Em 2008, Ronaldinho Gaúcho sai do Barcelona depois de ter conquistado uma Liga dos Campeões e ajudar a resgatar a autoestima do time. Dois anos depois, já atuando pelo Milan, ele precisa enfrentar seu ex-clube. E aí vem a grande surpresa: todos perfilados para a foto quando Puyol, então capitão do Barça, vai em direção ao craque para buscá-lo. Juntos, lado-a-lado, o Bruxo e seus adversários. Uma foto um tanto inusitada. Uma imagem que revela um grande gesto.

História 2:

Quando eu era estagiário, recebia o equivalente à passagem para os meus dois ônibus de ida e dois de volta. Por isso, levava comida todos os dias para o trabalho. Então, um redator da agência me chamou um dia e me entregou dois tickets do seu talão de alimentação. “Pra você almoçar maneiro”, disse. O redator se chama Leo Valpassos e, na época, nem ganhava tão bem assim. Mas passou a fazer isso por todo o tempo em que trabalhamos juntos lá. Ele me deu alguns tickets e uma aula.

Faço essa introdução para falar sobre uma palavra que aprendi há um tempo e procuro relembrar diariamente: deferência.

Deferência é uma atitude de respeito pelo outro. Uma consideração sobre a importância de alguém que não é necessariamente “importante”. O reconhecimento de um gesto. Deferência é um agradecimento sem a obrigação formal. Uma reverência invisível.

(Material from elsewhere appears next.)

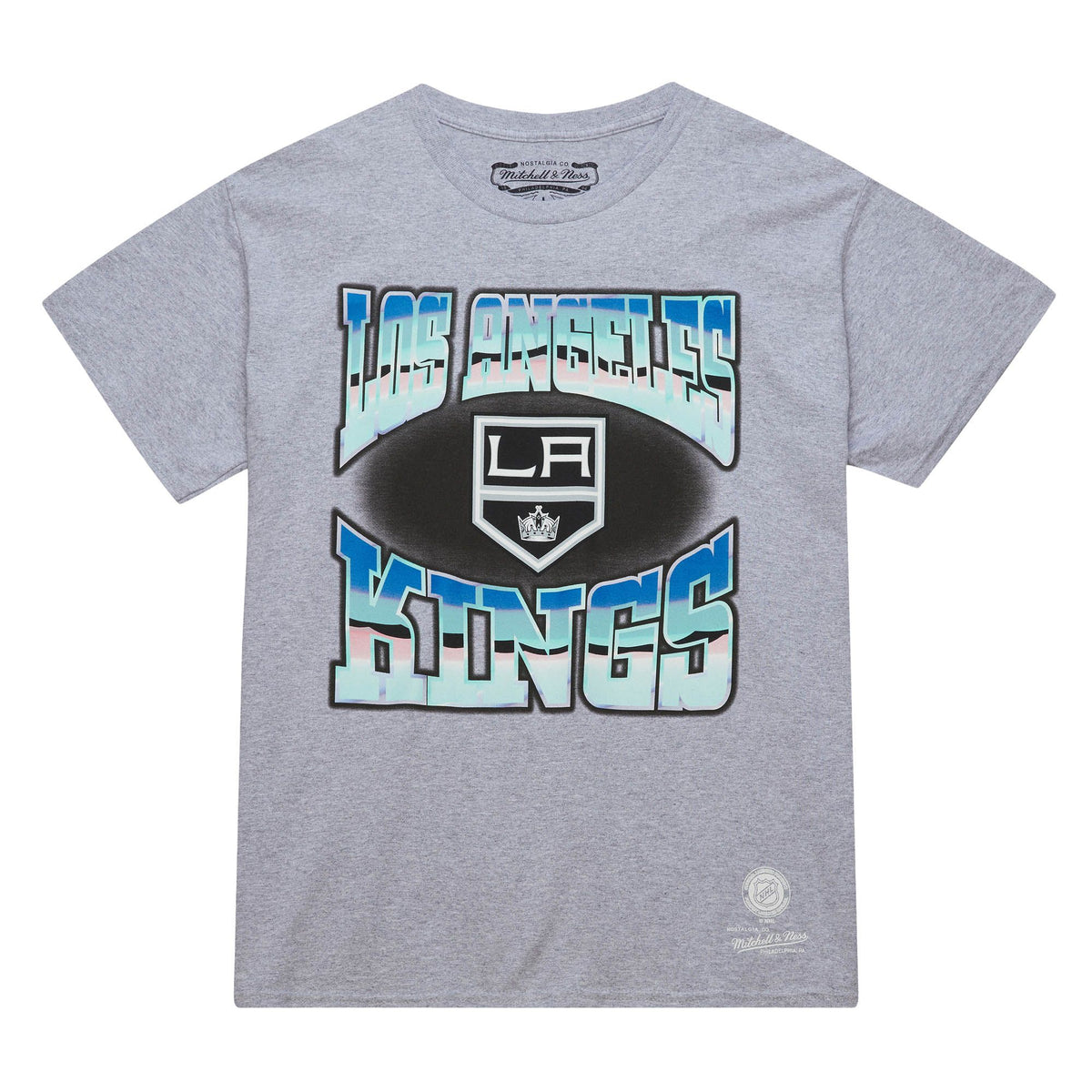 KINGS STATESIDE PASTEL T-Shirt product image 1, provided for visual reference and product detail review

Recorro a alguns exemplos para deixar mais claro. Sabe quando uma pessoa está tocando um projeto e, por algum motivo, você precisa assumir? Nesse caso, deferência é demonstrar interesse para entender o histórico e, se possível, mostrar o resultado ao final do processo.

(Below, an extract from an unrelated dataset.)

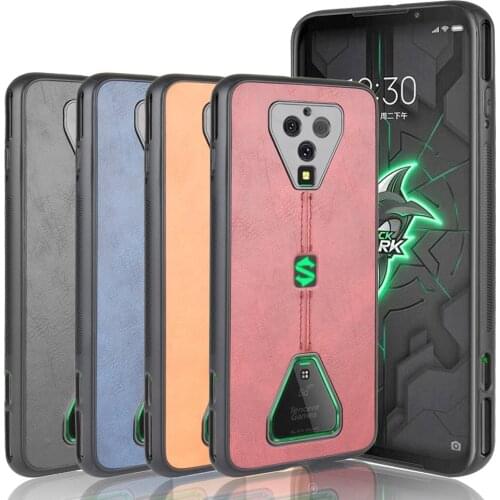 Gxxcax Phone Cases Xiaomi Black Shark 3 Pro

Quer ver outro exemplo? Compartilhar os méritos de um trabalho. “Ah, mas a pessoa participou pouco”. Tudo bem. Se ela ajudou, então merece algum reconhecimento. A nossa consideração não precisa vir só com um esforço monumental do outro.

Outro caso de deferência que a gente costuma tropeçar: valorizar a opinião de alguém, mesmo que essa pessoa esteja em um cargo abaixo. E não, isso não é se diminuir. Pelo contrário. Quando a gente reconhece que não sabe tudo é que consegue reconhecer quem pode nos ensinar.

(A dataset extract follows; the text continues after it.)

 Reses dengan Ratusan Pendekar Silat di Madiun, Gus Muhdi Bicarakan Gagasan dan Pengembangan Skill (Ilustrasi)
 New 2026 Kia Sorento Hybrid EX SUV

Talvez o maior exemplo de deferência venha agora: o interesse genuíno pelo problema alheio quando ele não nos diz respeito. É a generosidade de doar o nosso tempo sem a expectativa de receber algo em troca. Como você pode perceber, a deferência não custa nada, mas vale muito.

Na correria do dia a dia, muitas vezes deixamos passar. Esquecemos de dar os créditos, de agradecer, de elogiar. Vivemos em um mundo onde está cada vez mais raro ouvir alguém falando bem pelas costas. Por isso, é bom deixar essa palavrinha anotada no nosso post-it mental. Assim, a gente não perde de vista a importância da consideração e do respeito. Porque a generosidade pode vir em segredo, mas agradecimento ao outro soa sempre melhor quando feito em alto e bom som.

Fecho o texto relembrando a história lá de cima. O gesto de Puyol demonstra a grandeza do homenageado. Ronaldinho Gaúcho foi um craque, ídolo, um fora de série. Mas diferente do que pode indicar esse exemplo, ninguém precisa presenciar a genialidade de um R10 para praticar a gratidão por alguém. Na verdade, a deferência nasce no gesto simples, delicado e improvável. De preferência, em dois tickets para um almoço.